Python step
As well as supporting CPython within RiskScape expressions, RiskScape also supports
a python() pipeline step that can process the entire dataset using CPython code. This feature supports being able
to use libraries like Pandas and Numpy across the whole dataset, rather than row at a time.
Note
In order to use the python step, you need to have the Beta plugin enabled and have configured RiskScape to use CPython.
The following table highlights some of the differences between a Python function and a Python pipeline step in RiskScape:
Python function |
Python step |
|---|---|
Executed for one row of data at a time |
Executed for the whole dataset at once |
Called from any RiskScape expression |
Called from |
Impractical to use with a Pandas Dataframe |
Integrates nicely with a Pandas Dataframe |
Intended for calculating a single loss/damage |
Intended for aggregated statistics, plots, outputs |
Note
This page is for advanced users experienced with writing pipeline code. If you are just looking for a simple way to process your data with Python, we recommend to start off looking at Python functions.
A loss statistics example
Consider the case where you want to use numpy to compute some loss statistics
(such as an Average Annual Loss, or AAL) from an event
loss table in RiskScape. Say we have a compute-aal.py file with the following skeleton Python code:
# some kind of pandas/numpy concoction
def compute_aal(dataframe):
aal = 0
# figure out aal properly somehow...
return aal
To integrate this code in to your pipeline you could add the following to your pipeline code:
event_loss
->
python(
script: 'compute-aal.py',
result-type: 'struct(aal: floating, peril: text)'
)
This would send all the tuples (rows of pipeline data) from the event_loss step in your pipeline to
the compute-aal.py script.
Then add to your compute-aal.py python script:
def function(rows):
# 1. construct a dataframe from all the rows
df = pd.DataFrame(rows)
# 2. call your aal function (from the first example)
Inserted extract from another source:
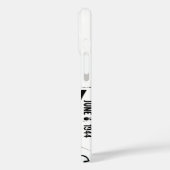 Coques Case-Mate iPhone JEUDI 6 juin 1944 (Verso / Gauche)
aal_eq = compute_aal(df['eq_loss'])
# 3. return a result to riskscape
yield {'aal': aal_eq, 'peril': 'earthquake'}
Firstly, the script then turns all the rows of pipeline data in to a Pandas Dataframe,
and then secondly passes that Dataframe to your AAL Python function. Lastly, the function
‘yields’ the result as a dictionary - this dictionary will be converted back into a RiskScape pipeline tuple,
that will be output from the python() step.
This feature is not limited to returning a single result. The example can be adapted to return
multiple rows back to RiskScape, simply by adding more yield statements:
# 4. call your aal function (from the first example)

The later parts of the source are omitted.